At the same time, Xiaomi sells its products at affordable prices. The company prefers to sell hardware close to cost, with the intent of making money on content and services after the initial sale. That has long been Amazon's historical hardware strategy (before its Fire Phone).

Quality devices at affordable prices? Sounds like a recipe for success.

Where Xiaomi goes from here
Without a doubt, Xiaomi is riding high right now for all the right reasons. However, success in the smartphone market is notoriously difficult to sustain, and fortunes change hands very easily. That's especially true within the Android camp, as most hardware vendors have a hard time differentiating themselves from the competition and end up becoming commoditized.

Samsung has tried very hard to create new proprietary apps and services as a way to set itself apart from the Android crowd, with limited success. The South Korean conglomerate remains the largest handset maker in the world by volume, but it has recently acknowledged being squeezed by Chinese rivals at the low end and by Apple at the high end.
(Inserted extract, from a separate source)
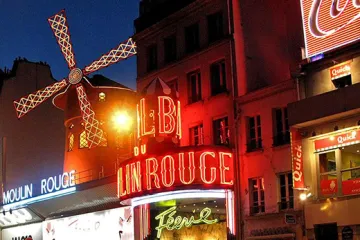 Manažer Moulin Rouge se o budoucnost kabaretu nebojí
It's also worth noting that hardware OEMs generally have a poor track record in creating profitable content and services platforms, especially those with low up-front margins. There are many operational expenses associated with running platforms, and that money has to come from somewhere. That puts even more pressure on Xiaomi to offer its content and services profitably, because otherwise it's just a matter of time before it falls from grace.

Xiaomi has catered very well to China's smartphone market with localized content and optimizations. Xiaomi's Android-based MIUI interface now has an estimated installed base of 50 million, up from 30 million at the end of 2013.

Xiaomi consumers spend a lot of time using entertainment apps (five times as much as iOS users), which is where Xiaomi has focused its app efforts. Beyond apps, Xiaomi also offers a theme store, a social gaming platform, cloud storage services, a messaging app, and a browser.

The company says it generates approximately $5 million in revenue per month from MIUI. That translates into $60 million in annual revenue from Xiaomi's primary profit center, even as the company was recently valued at $10 billion.

The plot thickens
Late last year, Xiaomi launched an e-book store in China, leveraging its 2012 acquisition of Duokan. Just a few months ago, Xiaomi invested $200 million in Xunlei, which operates video streaming site Kankan. Content is king, and Xiaomi knows it.

Xiaomi hired Hugo Barra away from Google primarily to lead international expansion. The company launched in Singapore earlier this year, followed by Malaysia a couple months later. Also on the expansion to-do list are India, Thailand, Vietnam, Russia, Brazil, and Mexico, among others. The challenge with expanding abroad profitably will be localizing MIUI in these markets, which is easier said than done. MIUI is available on other Android devices beyond Xiaomi's own products, which will help its scalability.

Xiaomi is an undeniable success story, and the company has executed its strategy extremely well. It could very well continue on this trajectory and remain a dominant player in the cutthroat smartphone market. But if history offers any lessons (which it usually does), it's that the odds are against Xiaomi in the long run.